Michael Menninger says
I thought the same thing. You do add it back to the pan to "coat with the sauce" and bring it to a simmer.
However, if you've "diced" the chicken (I wouldn't dice it though, it'd cut into bite-sized pieces) then you should have small even (cubed?) pieces that should cook nicely in 8 minutes. Tenderloins are thinner than a full breast.
The insides will also continue to "cook" while sitting in a bowl waiting to be added back in later.
Michelle G says
I made this for dinner tonight and it was great! So quick and easy and delicious too!
I did make a few substitutions based on what we had on hand: I used 1% milk instead of 2% and with the addition of heavy cream and using butter, I don't feel like I missed out on any richness or creaminess. I also used a frozen mixed veggie blend with peas, corn, carrots and green beans and it worked great!
Thanks for the dinner inspiration tonight! :)
I think im goin to try this. I wonder what would go well with this on the side
Helen Fletcher says
Yes, this is great - it's called Creamed Chicken if you are older than 27.
Philip Shapiro says
If you grew up in the 50's - 60's then you'll recognise this, basically, as Chicken Ala King and you probably still crave it. If you didn't, then make this and learn! If possible, eat it while watching The Twilight Zone on Netflix.
Nikki Krakauer says
Chicken ala king needs red peppers (aka pimiento), and mushrooms. No carrots, or corn, just peas, in a white roux.

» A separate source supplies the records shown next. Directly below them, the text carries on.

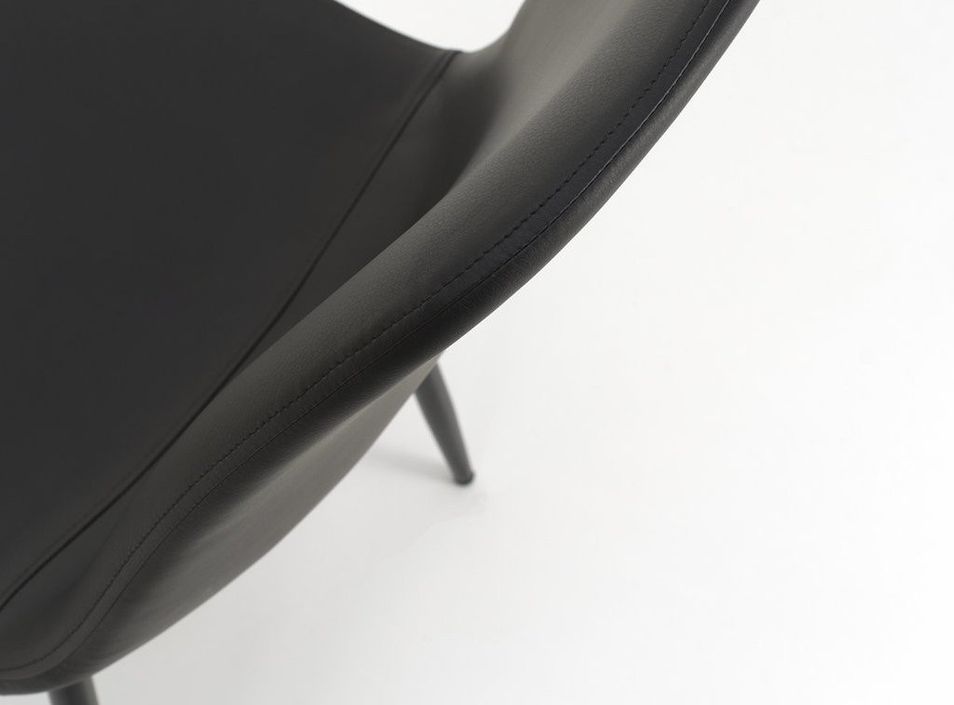 Chaise simili cuir noir et pieds métal noir Danita - Lot de 4 - Photo n°5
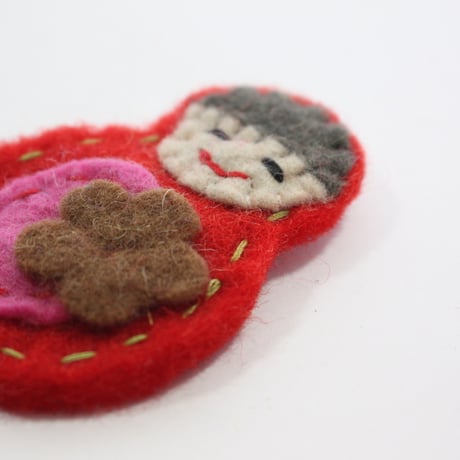 【Amica Felt】【新品】「アミカフェルト」"Russian Doll”ブローチ 250701-008
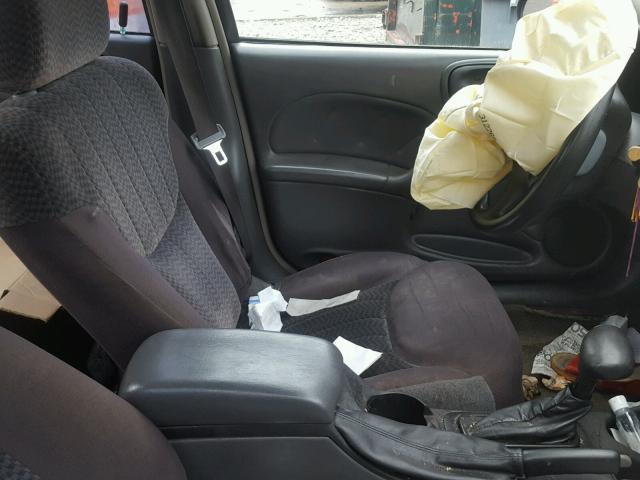 1G2NE52E55M160781 - 2005 PONTIAC GRAND AM S RED photo 5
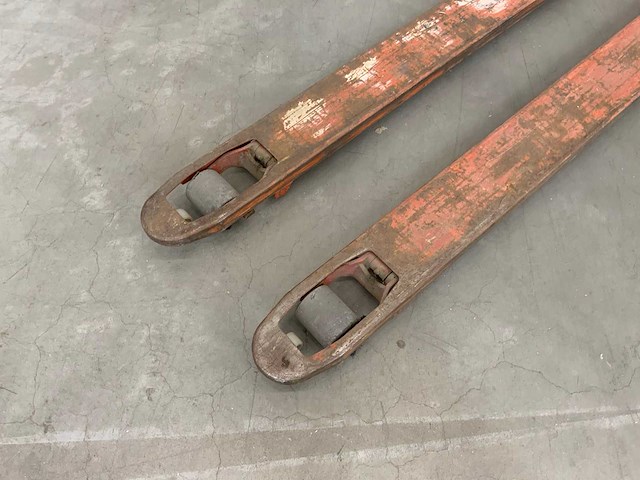 Bt btl 2000/11 hand hydraulische palletwagen - afbeelding 2 van  6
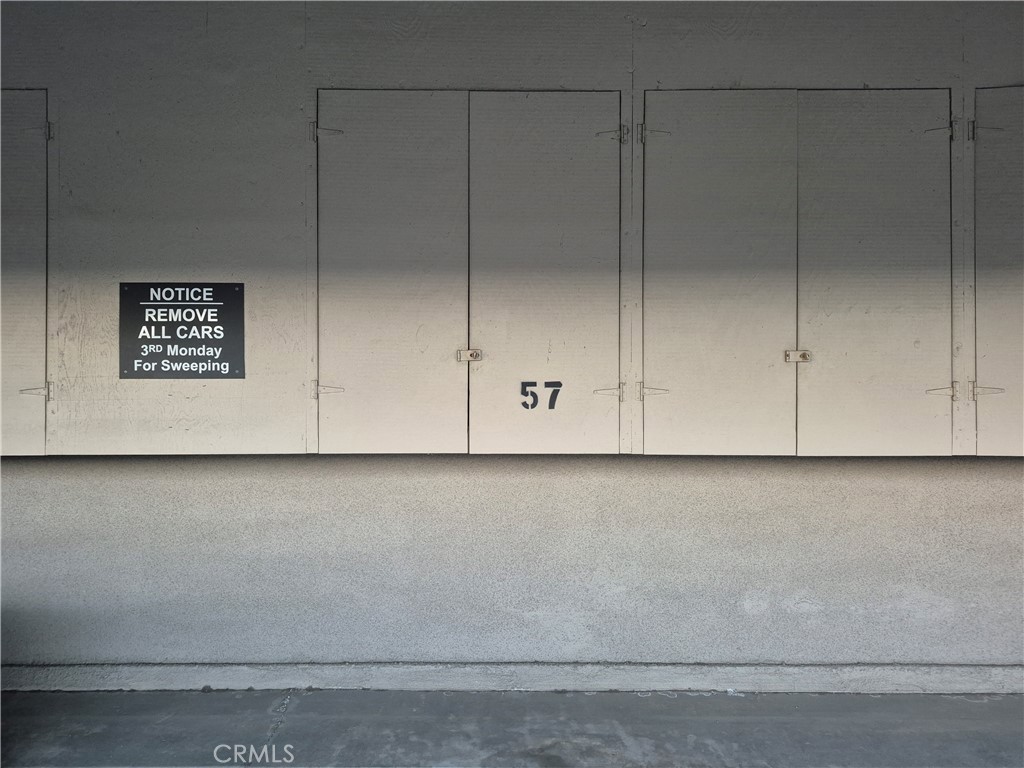 https://media.crmls.org/medias/05df5e27-5c1f-477b-b779-5e3adad8b7f2.jpg?preset=X-Large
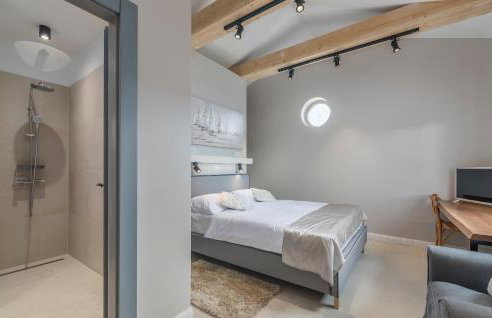 Villa Macan with Private Pool, Sauna & Garden - Photo 25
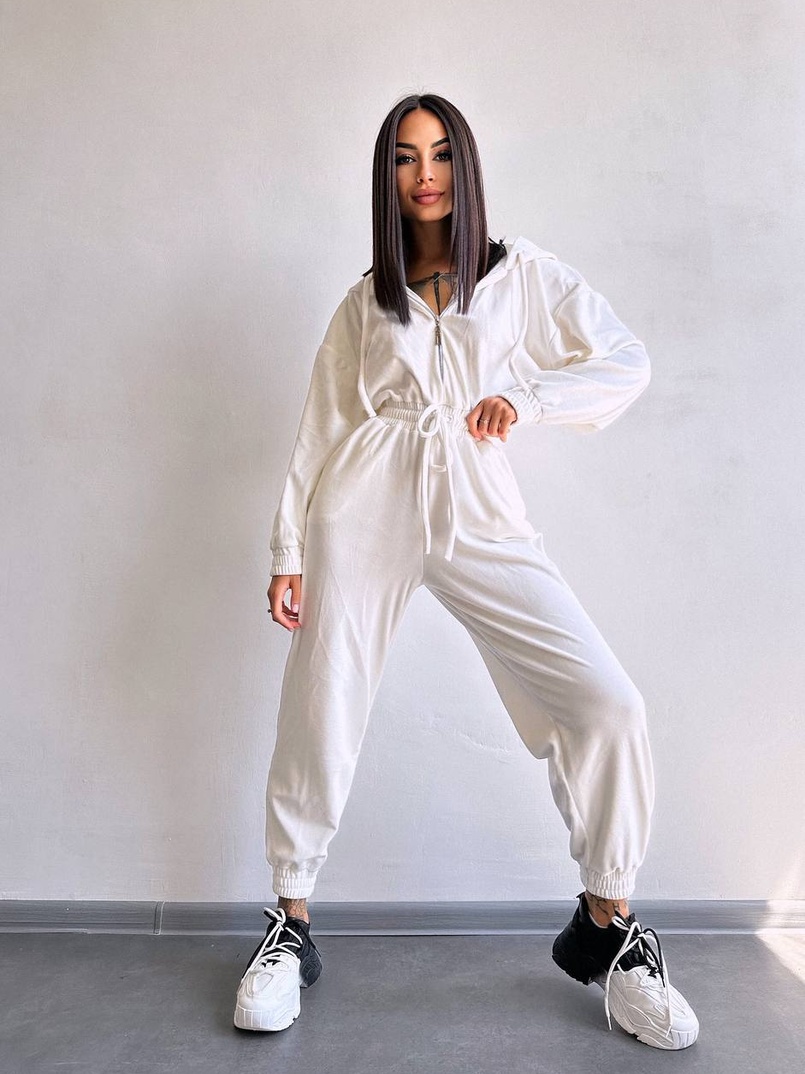 Велюровий комбінезон Велюровий комбінезон | PUSHKA SHOP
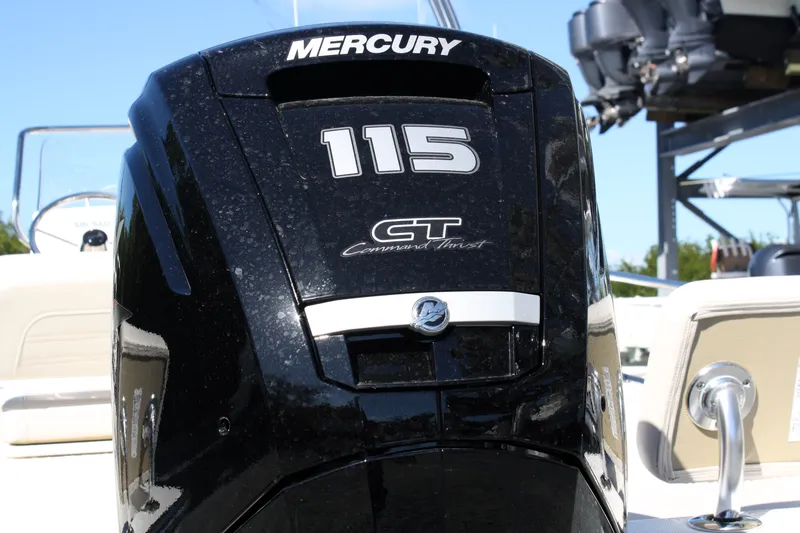 Slide: The Image of Boston Whaler 170 Montauk 2026 - 21
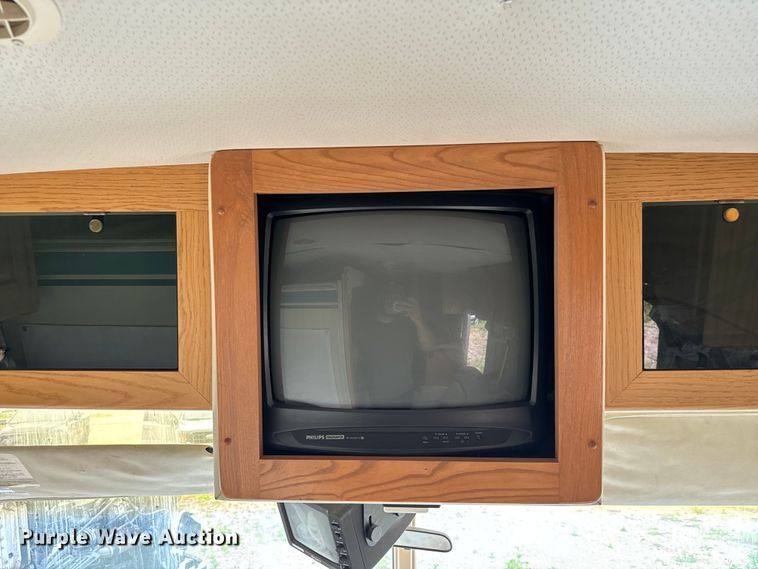 image for item EJ0562 1995 Winnebago IFG37RW RV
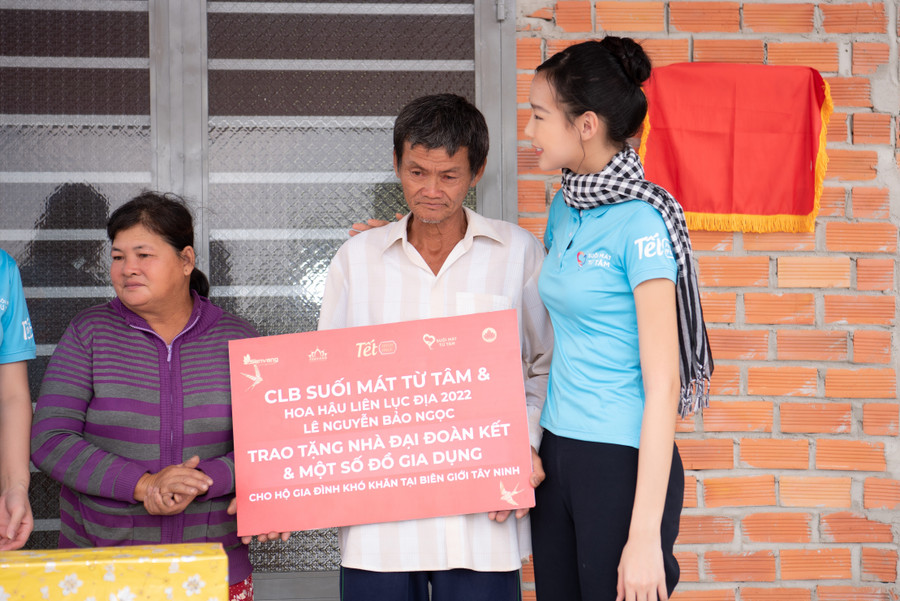 Nhà Đại đoàn kết là dự án Hoa hậu Bảo Ngọc vô cùng tâm huyết, ấp ủ từ lâu với mong muốn có thể giúp đỡ được nhiều hoàn cảnh đặc biệt khó khăn. Nhà Đại đoàn kết là dự án Hoa hậu Bảo Ngọc vô cùng tâm huyết, ấp ủ từ lâu với mong muốn có thể giúp đỡ được nhiều hoàn cảnh đặc biệt khó khăn.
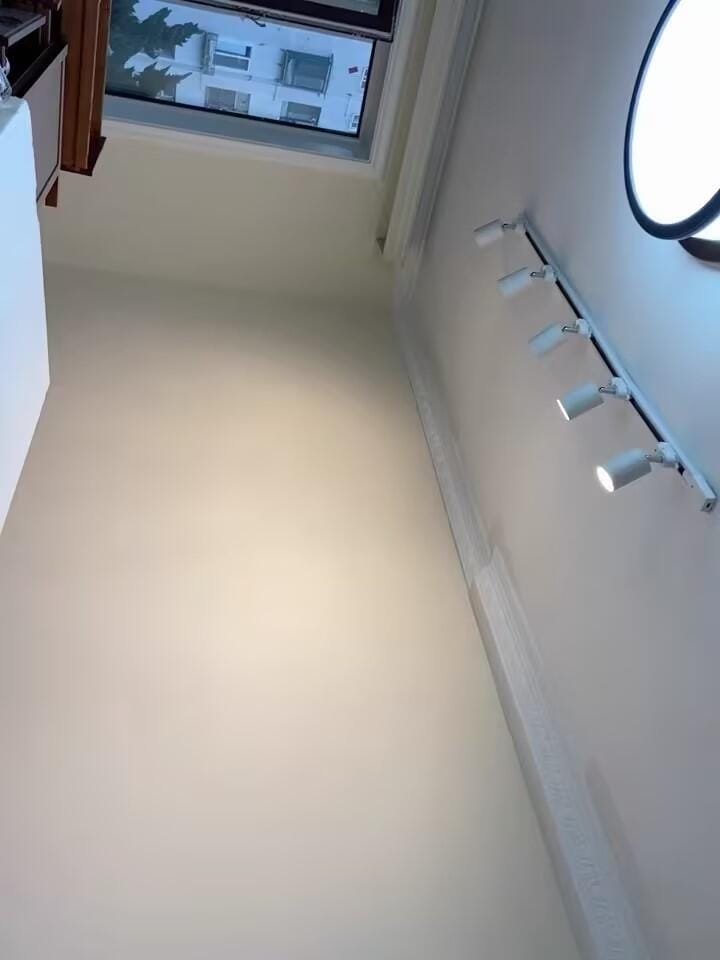 Customer photo review of Track Ceiling Light, Adjustable Spotlight Heads, Integrated LED, 24 Degree Beam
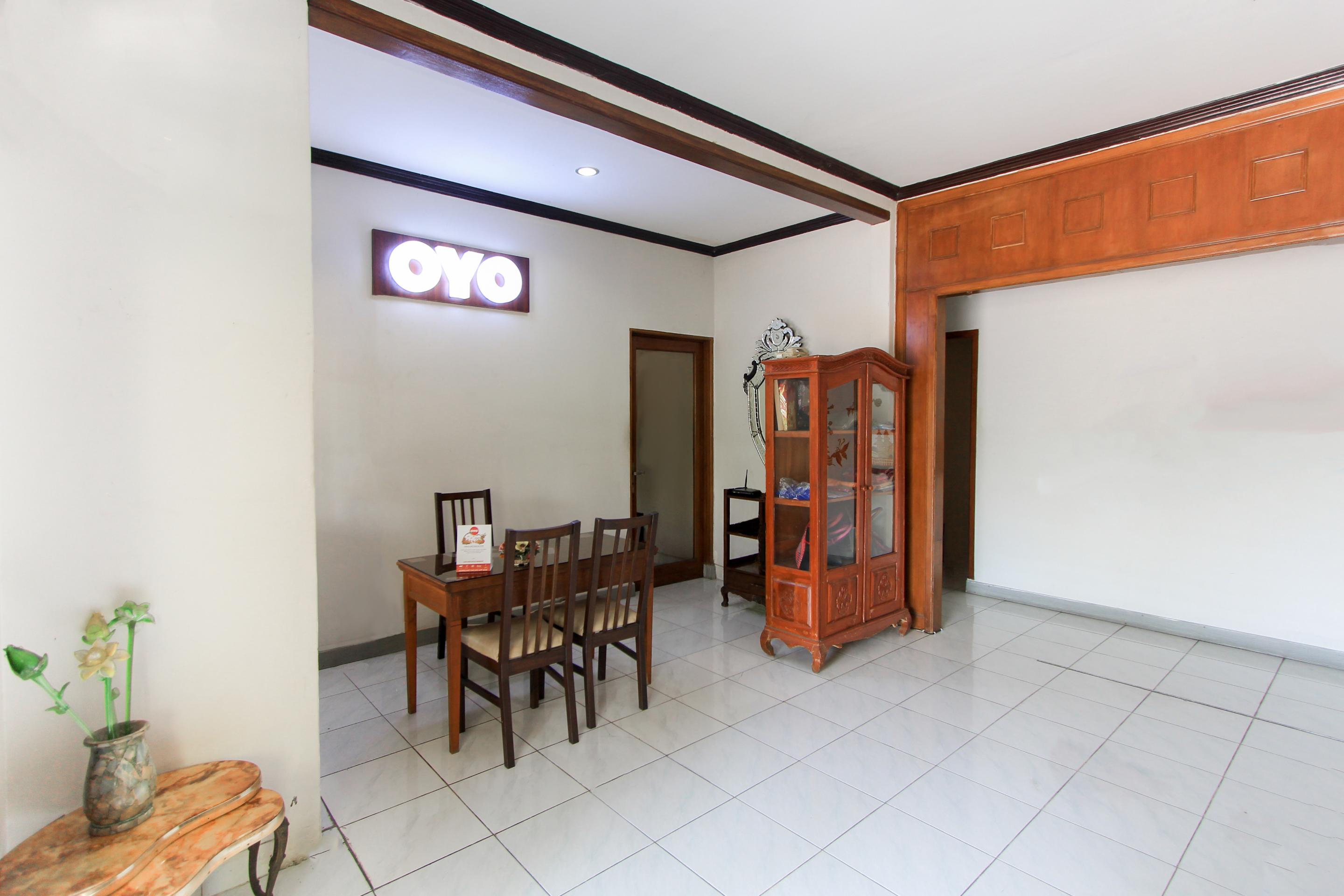 Santo Guest House Tropodo Brebek Exteriér fotografie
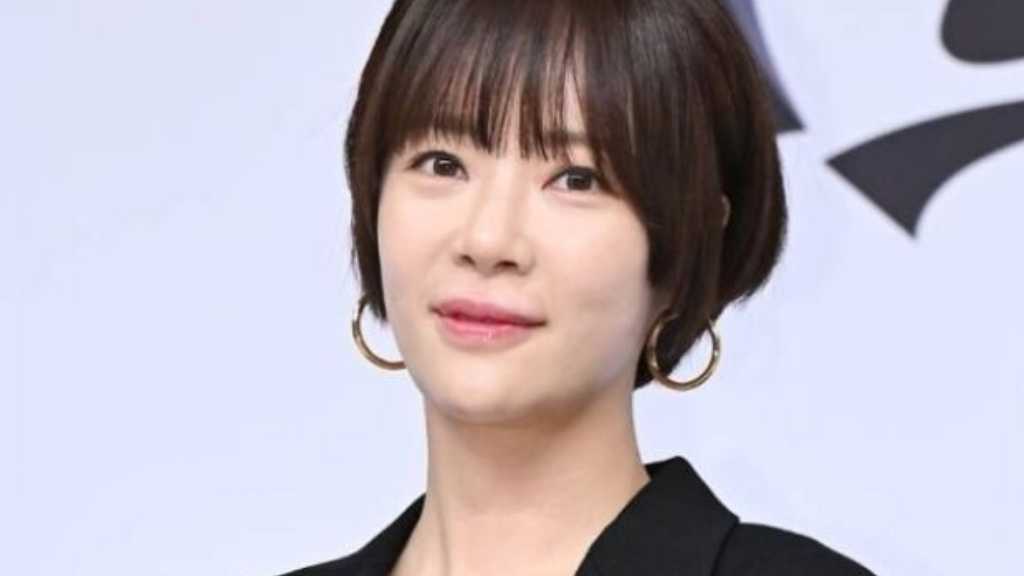 ファン・ジョンウム、活動再開の準備か…個人事務所の登録を完了し注目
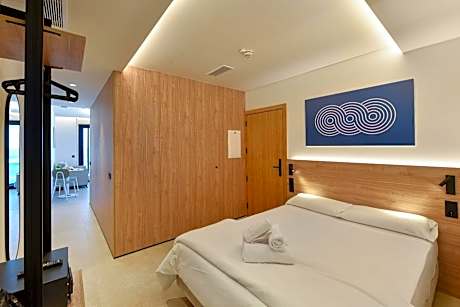 Deluxe Double Room with Balcony and Sea View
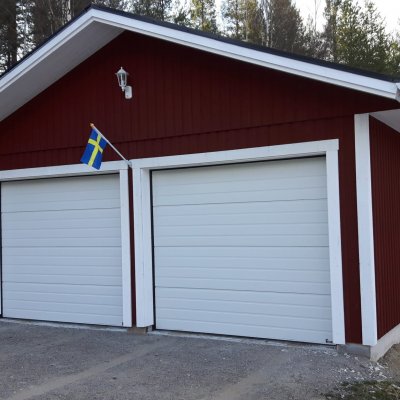 Dubbelgarage med sidoingång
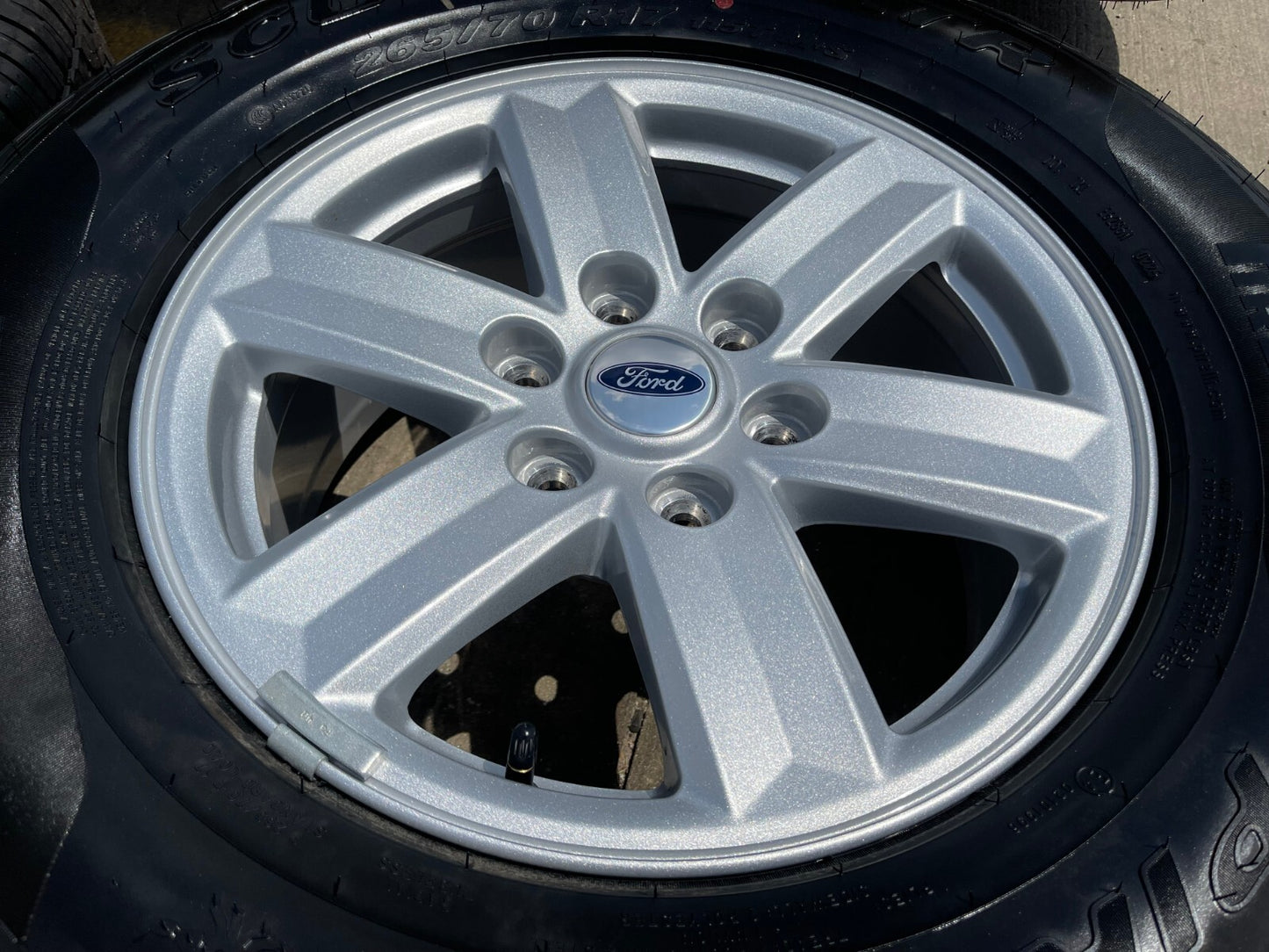 17" Ford F-150 Expedition OEM rims wheels 10339 tires 2024 2025 NEW PIRELLI A/T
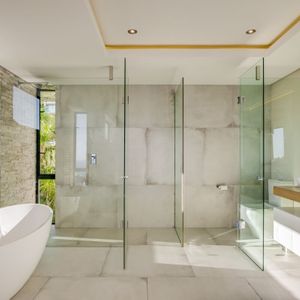 Master open-plan bathroom; AMAZING HELY - Camps Bay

This was my first time making this and im happy i tried your recipe!
LUV those oldies but goodies! This is a tasty, quick and pretty healthy recipe. I've served it several different ways....over biscuits, over rice, and also over egg noodles. Thank you. :-)
My husband cannot have milk or cheese products. He's lactose intolerant. What can I use to thicken the filling instead of using the milk and cream?
Thank you :)
Christina Lane says
Do you have a great almond milk substitute that you use? You need something unflavored. Like, no coconut milk or vanilla soy milk. Unflavored alternative milk.
Mike G says
I bet a thick chick pot pie filling in a toasty pita pocket would be awesome.....going to try it.